Thus, two methods can be used to obtain the target distribution that can maximize the log likelihood of L, maximizing ELBO or minimizing $\mathrm{KL}\left(q\right|\left|p\right)$. We choose the second one. In order to minimize the KL divergence, we need to differentiate it with respect to $q\left(u\right)$. This is not easy. Thus, we have to set $q\left(u\right)$ to simple forms, or use MCMC sampling instead. In this work, we choose the first popular way.

SVRS requires some assumptions before we can proceed. To begin with, we assume the rating noise is Gaussian,

$$\begin{array}{cc}\hfill p\left(L_{ij}\right|U_i,V_j)& =\mathcal{N}(U_i{V}_j,{\delta }^2)\hfill \\ \hfill & =\log \frac{1}{\sqrt{2\pi }\delta }\exp (-\frac{L_{ij}-U_i{V}_j}{2{\delta }^2}).\hfill \end{array}$$

(9)

Since we use $q\left(u\right)$ and $q\left(v\right)$ to replace $p\left(L\right|u,v)$, we need to first define which form of $q\left(u\right)$/$q\left(v\right)$ is best-suited. Clearly, the optimal $q\left(u\right)$ and $q\left(v\right)$ have the smallest divergence with $p\left(L\right|u,v)$. Thus, the best $q\left(u\right)$ and $q\left(v\right)$ have the following form:

$$\begin{array}{cc}\hfill q^{*}\left(u\right)& =\arg {\min }_{q\in {\mathcal{Q}}_u}\mathrm{KL}\left(q\right|\left|p\right)\hfill \\ \hfill & ={\mathbb{E}}_q\left[\log q\left(u\right)\right]-{\mathbb{E}}_q\left[\log \overline{p}\left(u\right)\right]+const.,\hfill \end{array}$$

(10)

$$\begin{array}{cc}\hfill q^{*}\left(v\right)& =\arg {\min }_{q\in {\mathcal{Q}}_v}\mathrm{KL}\left(q\right|\left|p\right)\hfill \\ \hfill & ={\mathbb{E}}_q\left[\log q\left(v\right)\right]-{\mathbb{E}}_q\left[\log \overline{p}\left(v\right)\right]+const.,\hfill \end{array}$$

(11)

of which ${\mathcal{Q}}_u$ is $q\left(u\right)$’s space, and ${\mathcal{Q}}_v$ is $q\left(v\right)$’s space.

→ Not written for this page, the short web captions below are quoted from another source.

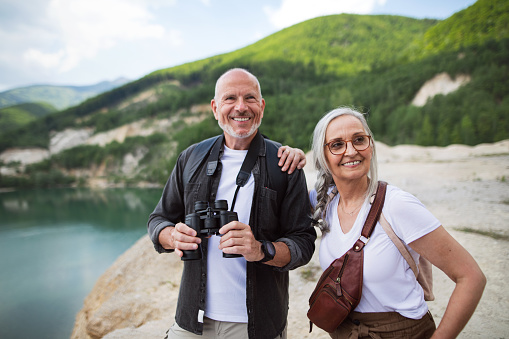 A happy senior couple on hiking trip on summer holiday, using binoculars.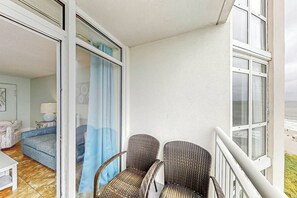 A balcony with wicker chairs, a view of the sea, and a room with a sofa and a lamp. - Bay Watch Resort 0919 (North Myrtle Beach)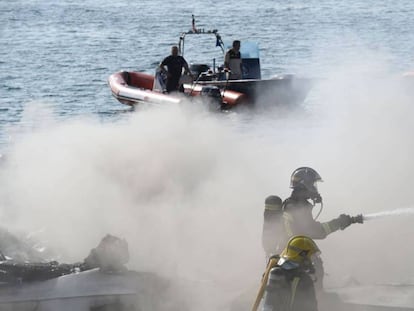 Los bomberos y equipos de rescate traban en la zona donde se incendió el catamarán en O Grove.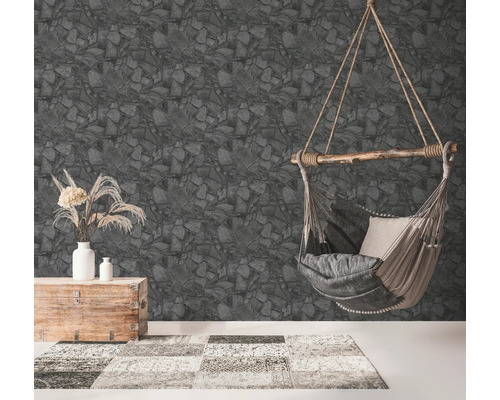 Woonkamer met behang met steenmotief, hangstoel, kist en vloerkleed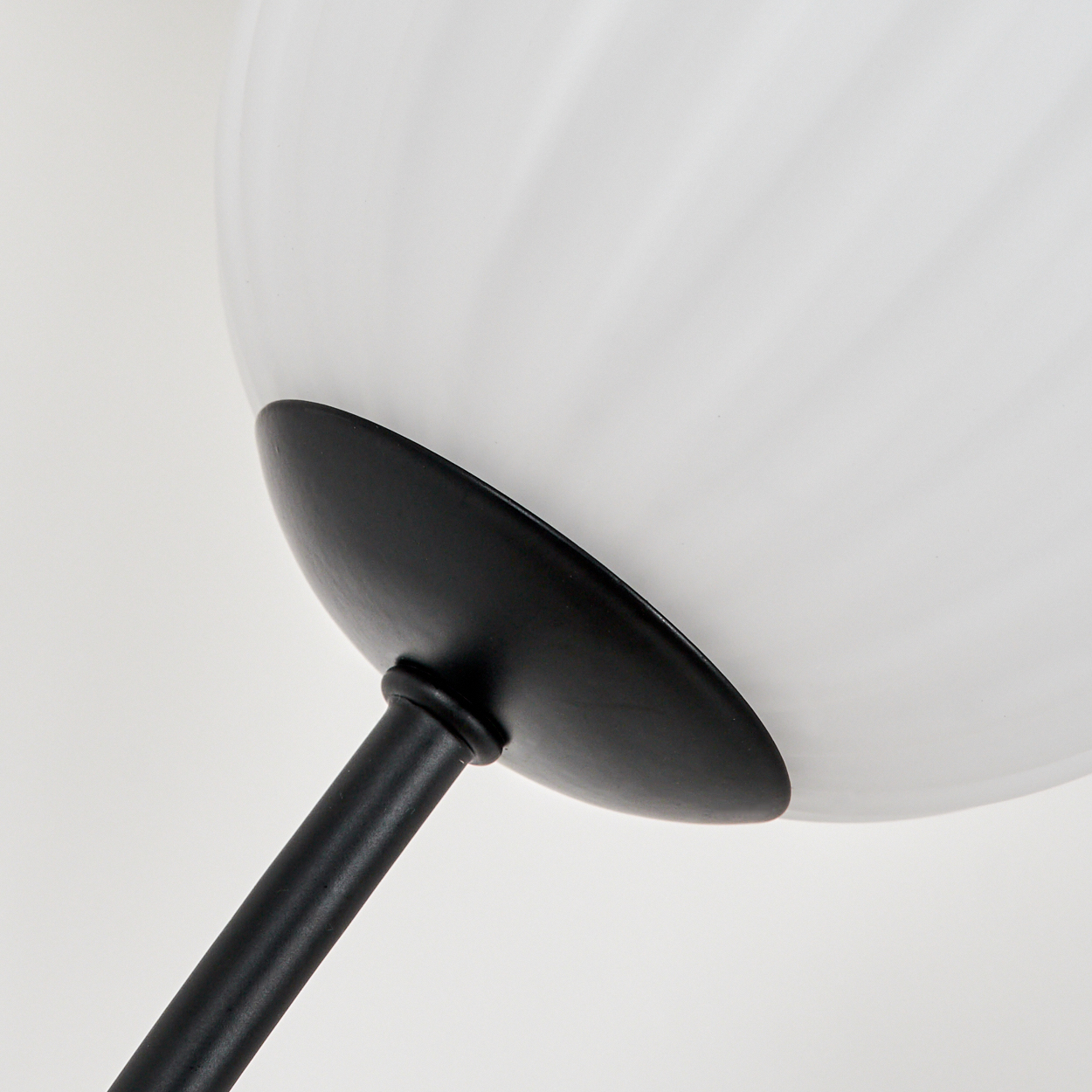 Nahaufnahme einer Lampe. Ein weißer, runder Lampenschirm befindet sich über einer schwarzen, gebogenen Metallstütze. Der Hintergrund ist weiß.
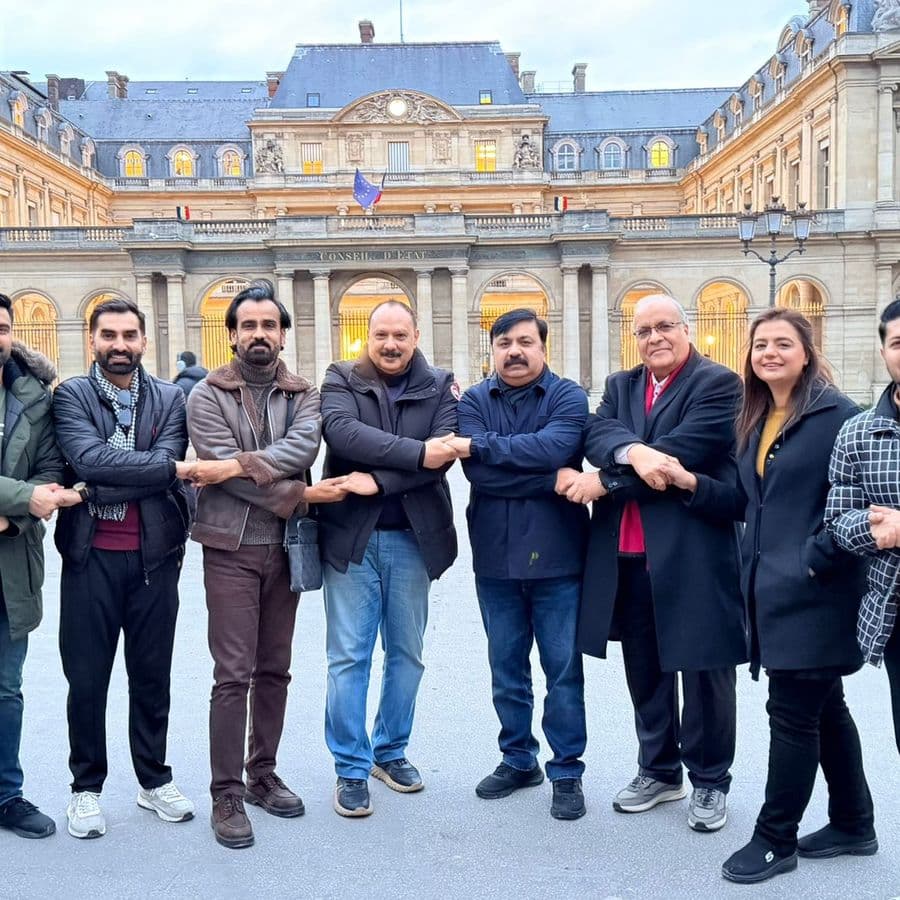 A delegation photographed outside the conference centre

Intuitively, the best $\mathcal{Q}$ possesses the feature of accuracy and tractability. Therefore, it is rational to choose linear $\mathcal{Q}$ that is continuous and differentiable (in another perspective described in other papers, this is the trick of reparameterization) [29].

In this way, using

$$T\left(u\right)=u+\rho \varphi \left(u\right),$$

(12)

we can simplify the computing and differentiating process. $\rho$ denotes the step-size, and $\varphi \left(u\right)$ is selected simple density. If we take Equation (12) as the updating function, then $\varphi \left(u\right)$ will be the updating direction. T can be viewed as a map that is invertible and monotone [30]. It is our goal to output data points to model the posterior distribution. Therefore, we initially produce some data points and then update $\varphi \left(u\right)$ instead gradually in order to obtain the final optimal data sets. Notice that there is always a measurable map T if q and p are atom-less density.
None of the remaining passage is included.